Work to be completed: Would you return exactly the lines below from the line with "四間二枚組「戸帳」本科(緑)〈帯締め〉" through the line with "4k free stock", both included, and nothing else, leaving out the pictures?

Input data:

=== Begin Enclosure ===

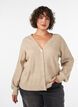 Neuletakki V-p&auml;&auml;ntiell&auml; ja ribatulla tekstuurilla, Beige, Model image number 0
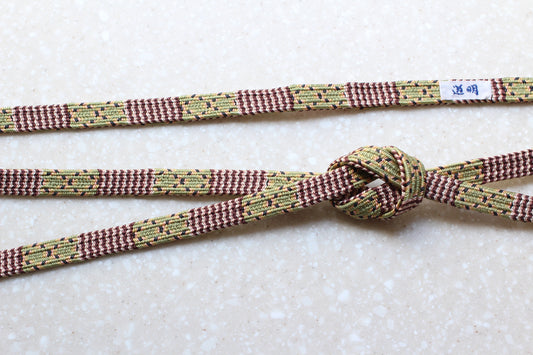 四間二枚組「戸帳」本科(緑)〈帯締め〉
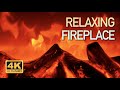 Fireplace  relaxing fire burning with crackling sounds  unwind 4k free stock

=== End Enclosure ===
=== Begin Enclosure ===

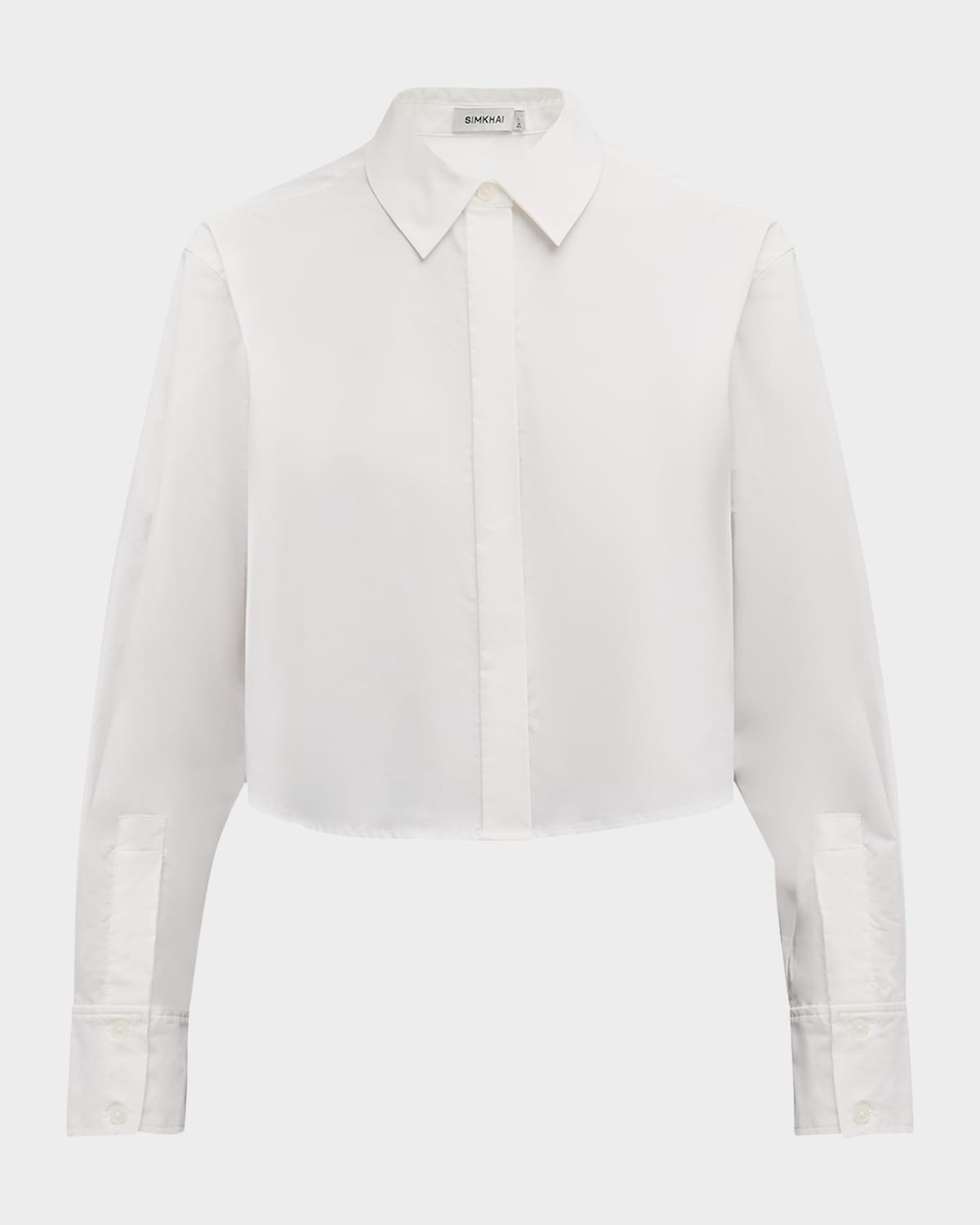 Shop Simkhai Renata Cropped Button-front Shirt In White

=== End Enclosure ===

Written solution:
 四間二枚組「戸帳」本科(緑)〈帯締め〉
 Fireplace  relaxing fire burning with crackling sounds  unwind 4k free stock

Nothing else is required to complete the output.